Junto a la cruz de Jesús estaba su madre, la hermana de su madre, María, la de Cleofás, y María, la Magdalena. Jesús, al ver a su madre y cerca al discípulo que Tanto quería, dijo a su madre: “Mujer, ahí tienes a tu hijo”. Luego, dijo al discípulo: “Ahí tienes a tu madre”. Y desde aquella hora, el discípulo la recibió en su casa.

Después de esto, sabiendo Jesús que todo había llegado a su término, para que se cumpliera la Escritura dijo: “Tengo sed”.

Había allí un jarro lleno de vinagre. Y, sujetando una esponja empapada en vinagre a una caña de hisopo, se la acercaron a la boca. Jesús, cuando tomó el vinagre, dijo: “Está cumplido”. E, inclinando la cabeza, entregó el espíritu. Jn 18, 1-19, 42

Jesús sabe lo que va a ocurrirle y da un paso adelante para preguntarles a quién buscaban, sólo para ponerlos al nivel del suelo al identificarse a sí mismo como soy yo, tras la respuesta de que buscaban a «Jesús de Nazaret». Al repetir la fórmula de la revelación de sí mismo (soy yo), informa a sus adversarios de que sus planes sobre Jesús de Nazaret pueden llevarse a cabo si dejan marchar en libertad a los discípulos.

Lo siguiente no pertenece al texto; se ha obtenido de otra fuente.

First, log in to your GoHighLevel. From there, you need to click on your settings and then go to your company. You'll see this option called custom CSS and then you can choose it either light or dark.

El narrador recuerda las palabras de la oración de Jesús: «No perdí a ninguno de los que me disté» Ni siquiera Judas, el traidor, es excluido de aquellos a los que debe dejarse en libertad. El hecho de que incluso en este contexto hostil no se haga ninguna excepción, «No perdí a ninguno», es un indicio de que este evangelio no emite un juicio final sobre el discípulo Judas. Por muy perversa que haya sido su acción, ahora se le integra en la protección del Padre cuyo magnificiente amor ha sido revelado por Jesús. Judas está «con» los adversarios De Jesús, pero no juega ningún papel activo en el prendimiento.

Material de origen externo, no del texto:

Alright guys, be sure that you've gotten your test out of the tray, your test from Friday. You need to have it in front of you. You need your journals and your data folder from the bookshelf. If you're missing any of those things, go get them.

Jesús rogó por sus discípulos y por quienes han oído la palabra mediante el ministerio de éstos, para que fueran integrados en la unión de amor que existía desde el principio entre el Padre y el Hijo, «para que así el mundo crea que tú me has enviado y les has amado.

Oración

Amado Dios

Toma mi vida

y permíteme vivir serenamente este día.

Abre mi mente a pensamientos positivos.

Saca de mí todo mal sentir hacia los otros.

Haz posible que yo pueda sentir gozo, amor, compasión,

y permíteme sentirme vivo otra vez.

Ayúdame a aceptar las cosas como son,

a aguantar la lengua,

a cumplir con mis tareas diarias,

a dar libertad con amor.

Llévate mis preocupaciones por el futuro.

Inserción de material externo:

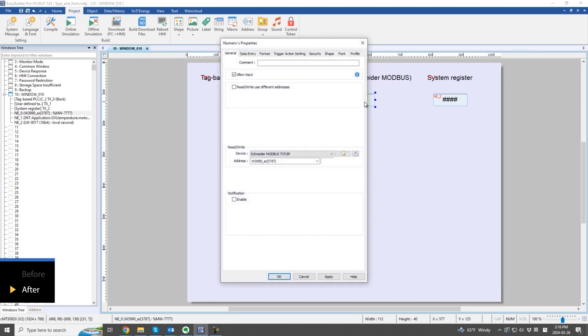User-defined tags behave similarly to PLC tags in device address selection, but lack the function of automatically filling in the closest tag name.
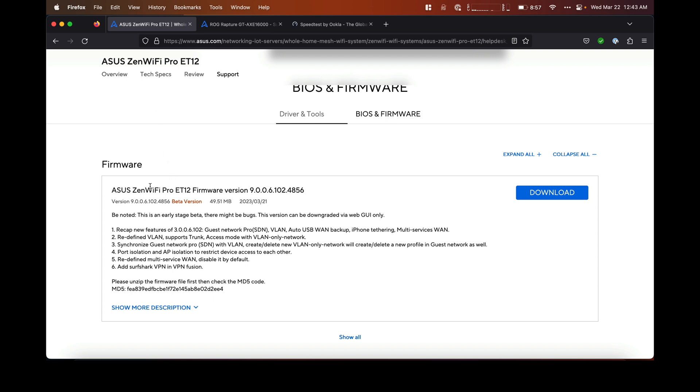One thing to note about the Zen Wi-Fi Pro ET12: it's listed as beta. If you use the iOS or Android app, it might not show an update. You have to do this manually through the web interface. That's it, thanks for watching.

Que yo pueda darme cuenta de que en Tus manos todo se me provee,

que no tengo control sobre nada sino yo mismo,

que el presente es precioso y pasa muy pronto.

Ayúdame a recordar que

el odio y el dolor dirigidos a mí

son el odio y el dolor que siente la otra persona.

Gracias por aceptar mi carga y por hacerla más liviana.